■ ACTIVITY: Print out each entry below exactly; do not carry over any image.

■ RECORDS SHOWN:
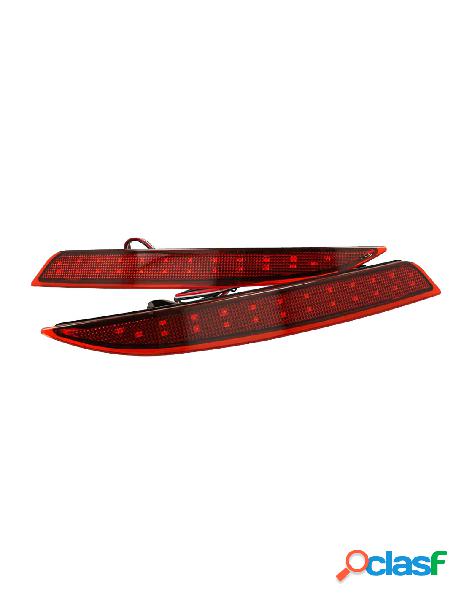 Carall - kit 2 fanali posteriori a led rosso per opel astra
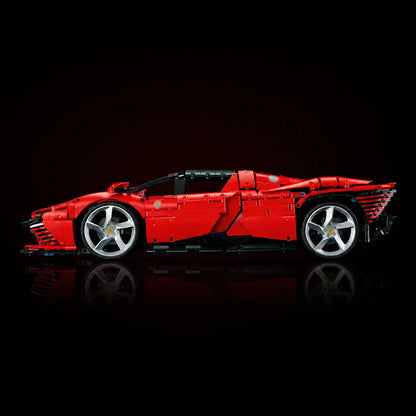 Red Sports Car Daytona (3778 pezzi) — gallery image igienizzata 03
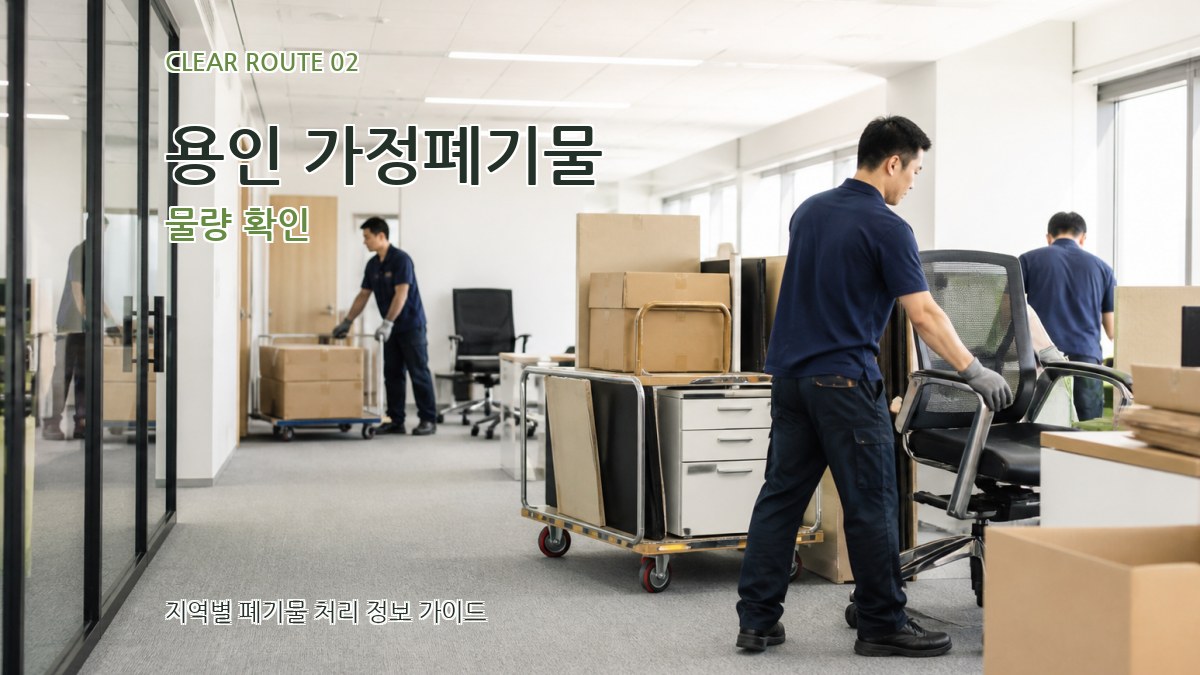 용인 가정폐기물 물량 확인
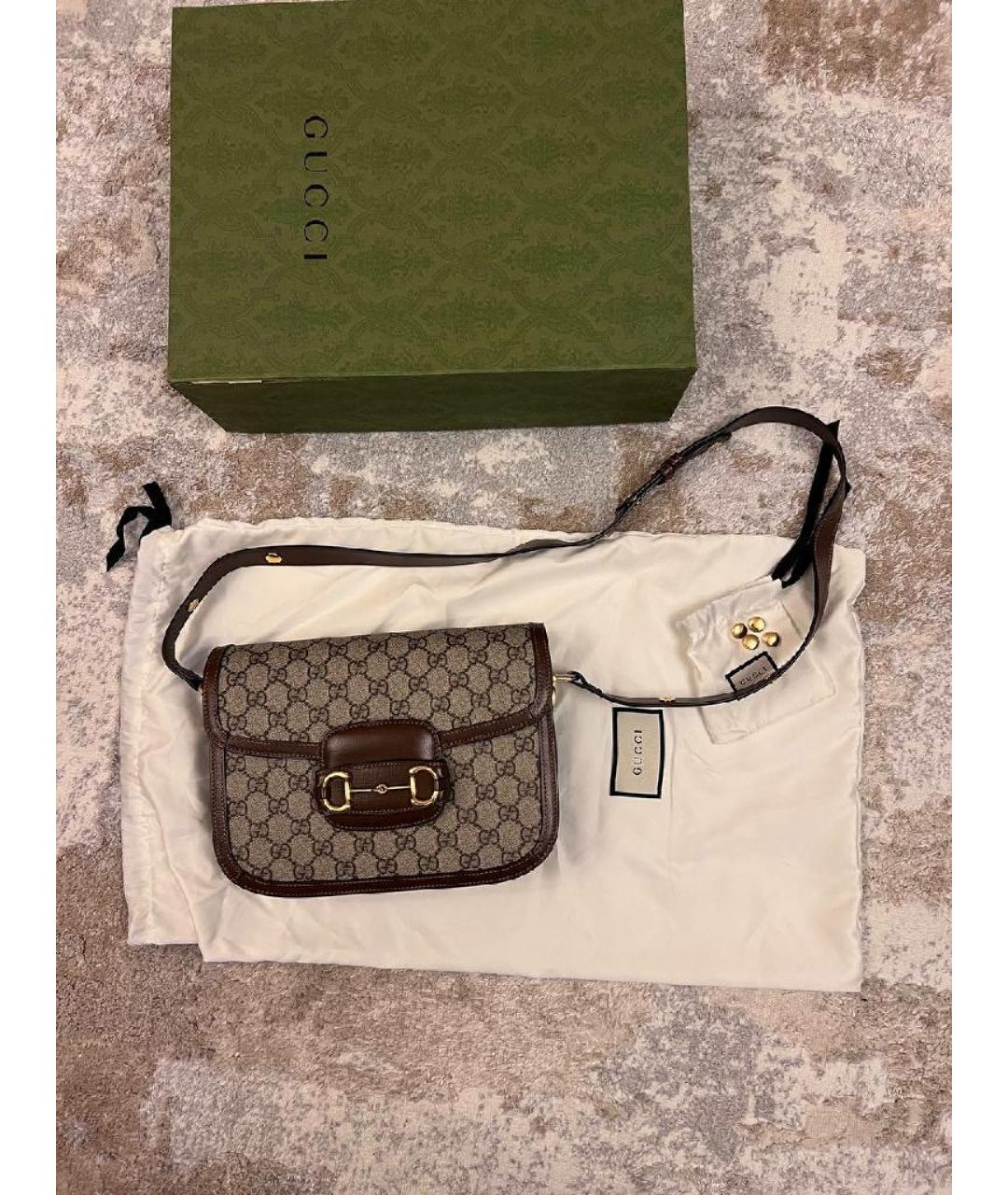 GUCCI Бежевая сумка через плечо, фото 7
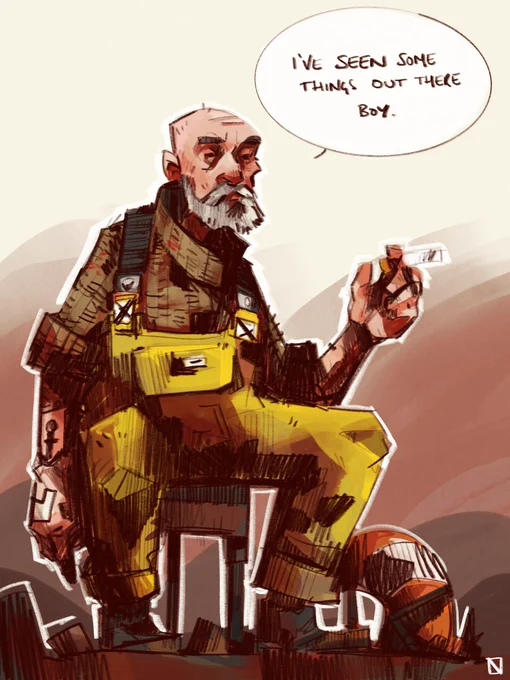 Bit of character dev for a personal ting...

■ OUTPUT BELOW:
 Carall - kit 2 fanali posteriori a led rosso per opel astra
 Red Sports Car Daytona (3778 pezzi) — gallery image igienizzata 03
 용인 가정폐기물 물량 확인
 GUCCI Бежевая сумка через плечо, фото 7
 Bit of character dev for a personal ting...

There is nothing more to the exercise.